▸ BRIEF: The required output is the exact run of lines from the one bearing "Woman, student and" through the final line of the listing below, with the pictures removed.

▸ PROVIDED MATERIAL:
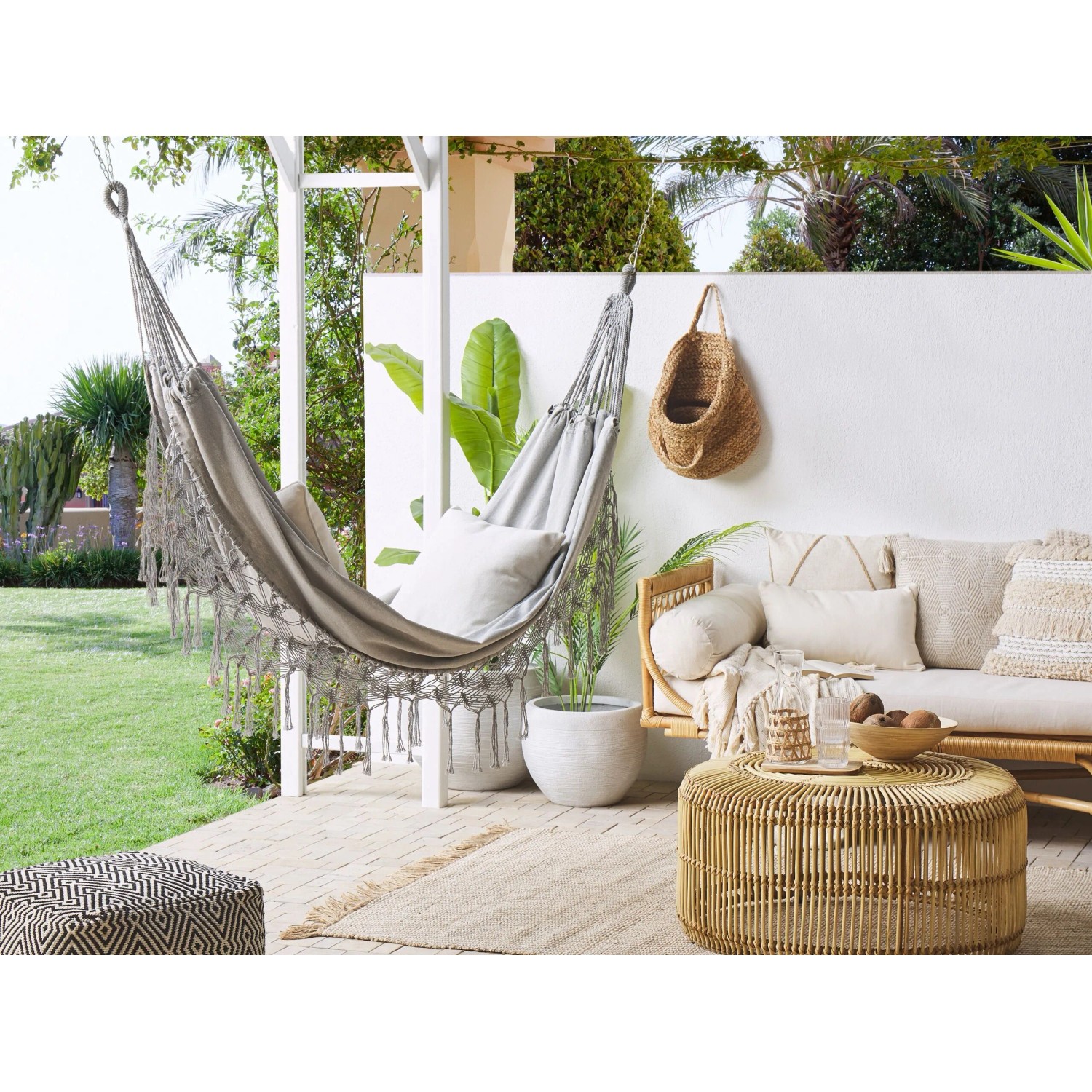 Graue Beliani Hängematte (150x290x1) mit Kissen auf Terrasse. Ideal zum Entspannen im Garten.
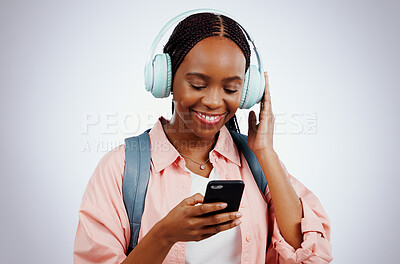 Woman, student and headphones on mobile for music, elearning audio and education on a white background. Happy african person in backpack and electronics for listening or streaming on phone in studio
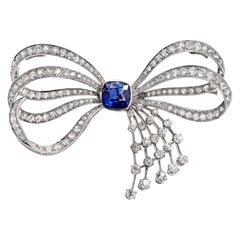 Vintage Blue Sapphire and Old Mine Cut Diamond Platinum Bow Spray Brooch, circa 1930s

▸ RESPONSE TO THE TASK:
 Woman, student and headphones on mobile for music, elearning audio and education on a white background. Happy african person in backpack and electronics for listening or streaming on phone in studio
 Vintage Blue Sapphire and Old Mine Cut Diamond Platinum Bow Spray Brooch, circa 1930s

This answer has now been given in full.